January 26, 2024
Power of Protein
By Logan Anderson, BA, CPT, CIFT
Owner of All Strong Fitness LLC
Hey, another article about the importance of protein! Of course another article about the importance of protein. Protein is SO crucial for the proper functioning of our body, and without it, you would literally be nothing. Let’s briefly go over some key protein points to keep you feeling young and healthy.

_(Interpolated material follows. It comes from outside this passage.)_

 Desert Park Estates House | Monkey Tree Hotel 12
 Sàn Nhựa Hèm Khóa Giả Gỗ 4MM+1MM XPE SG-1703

One of the main points I want to bring into your presence in regards to protein is how multifaceted it is when it comes to functions. Yes, protein is very important in keeping your muscles strong and healthy. But what many people don’t realize with protein is that protein keeps every cell in your body strong. Literally every single cell and tissue is composed of proteins. Tendons, organs, skin, etc. Everything. This means that if you are neglecting protein intake in your diet, you are not only leaving your muscles begging for more protein, but also the rest of your body. Without sufficient protein in your diet, you are effectively asking your body to fall apart. Albeit, this happens very slowly and usually isn’t “noticed” until years and potentially decades of not eating enough protein. So what can we do to avoid this?
The general recommendation for protein intake is to eat 1 gram of protein per pound of lean body mass. Now, this isn’t the weight on the scale as scale weight considers your body fat and you lean body mass. Lean body mass considers your muscle, bones, organs, water weight, and basically anything that isn’t fat mass. If you don’t know your body fat percentage or lean body mass, you can just multiply your bodyweight by .82, as this gives most people a close representation of protein intake based on an estimate of their lean body mass. If someone weighs 100 pounds, eating roughly 82 grams of protein a day is sufficient. With that said, unless you have kidney problems, more protein won’t harm you, and is helpful for many when trying to lose or maintain weight.
Sources of protein can be all of the above. Animal sources like chicken, pork, beef, greek yogurt, milk, protein powder, cottage cheese, and many more have all essential amino acids and provide a potent source of protein. If you prefer vegan sources of protein like tofu, pea protein, and protein from whole grains all are good too, but do require more focus on getting appropriate protein amounts, since they aren’t as high in protein, compared to animal protein from a relative sense.
In the end, getting enough protein doesn’t have to be complicated. Choose 3-4 sources you enjoy. Spread these sources into every meal, trying to achieve the amount of protein you need for yourself, and see how your body reacts. If you have more strength and feel generally better about yourself, you are likely hitting your protein goals. Congrats! If you don’t feel this way, change your sources and amounts. This is always evolving and as your health changes, what you need in regards to protein will change, too.